Hunter Region Landcare

Tools, Tricks and Tips: Rainy Day Jobs

The Scoop, Tools, Tips and Tricks

You know what it’s like, it’s cold and wet outside but you really don’t want to be inside, because, well, you need to do something more than pushing pixels, or you just want to hide from the boss for a while so the only real retreat is the shed and as there’s only so many times you can sharpen your secateurs (you did see our “how to” video, didn’t you?).

You could clean the shed but you did that last week (Hah!) so something nice and simple and not too brain taxing. The most obvious and often neglected thing is tool handle maintenance. 

Too often tool handles, timber ones at least, become old, oxidised, splintered and split and fail at the most inconvenient time (axe handles at the beginning of winter is a prime example). So, how do we look after them?

1 – Examine the tool, is the head secure, are there splinters or splits in the handle? And if there are take note of where, If the handle’s looking too dodgy replace it*.


2 – Clamp the tool into a vice, taking care not to cause damage to the handle, in this case I’m using a post vice with smooth jaws to not mark the handle, In my other vice I’d use aluminium jaw protectors.

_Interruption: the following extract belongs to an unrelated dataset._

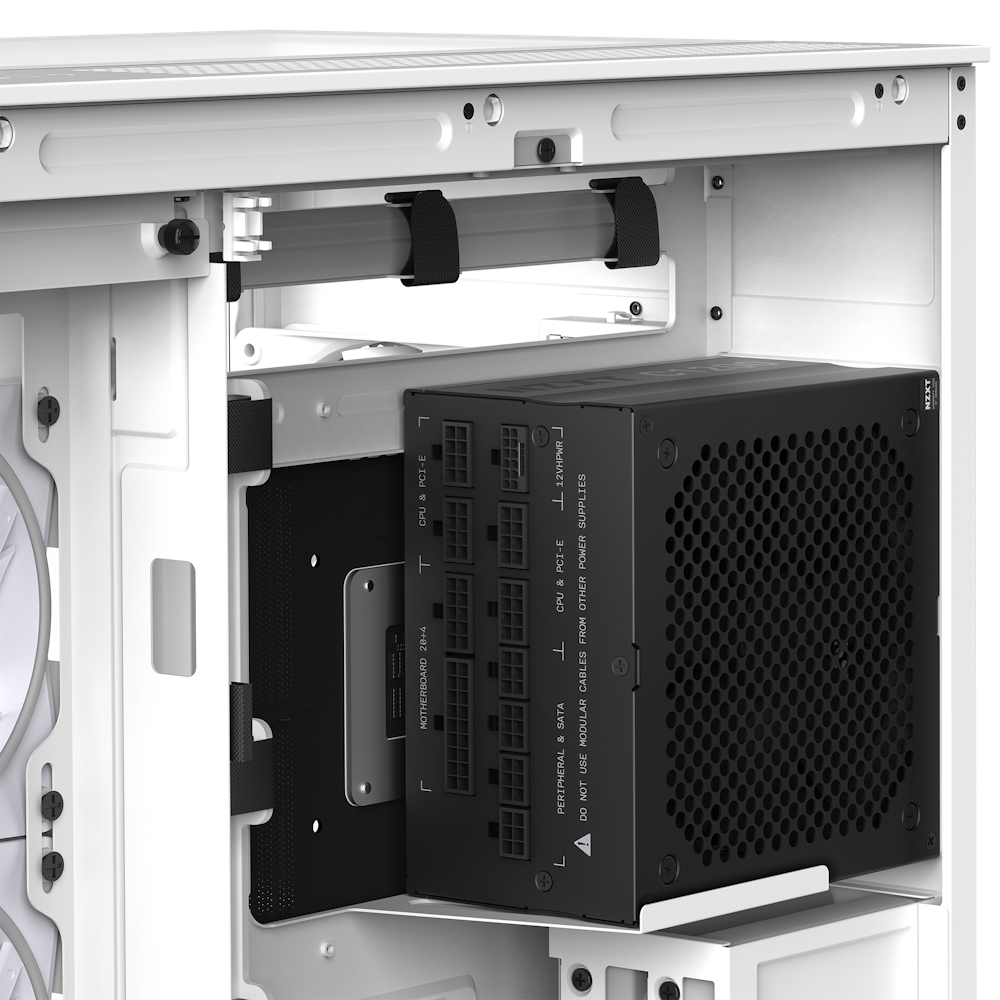 Fuente de alimentación negra instalada en una caja de computadora blanca. Vista interior.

3- I have a good supply of old grinding belts, in this case I’m using a worn 120 grit, if you don’t have grinding belts then cloth backed wet and dry paper (180-240 should be fine if using new) and sand across the grain (if you go along the grain you could get splintered).

4 – Work your way up and down the handle taking any small splinters off.

5 – Fill in any remaining cracks or splinters with epoxy glue (e.g. Araldite) and allow to dry.

6 – Sand back the dried glue till smooth and with an old rag apply linseed oil to the handle and allow to dry, once dry it may need another light sanding and another coat or two.

*I’ve got my eye out for an old axe head to show how to restore them and how to fit handles properly.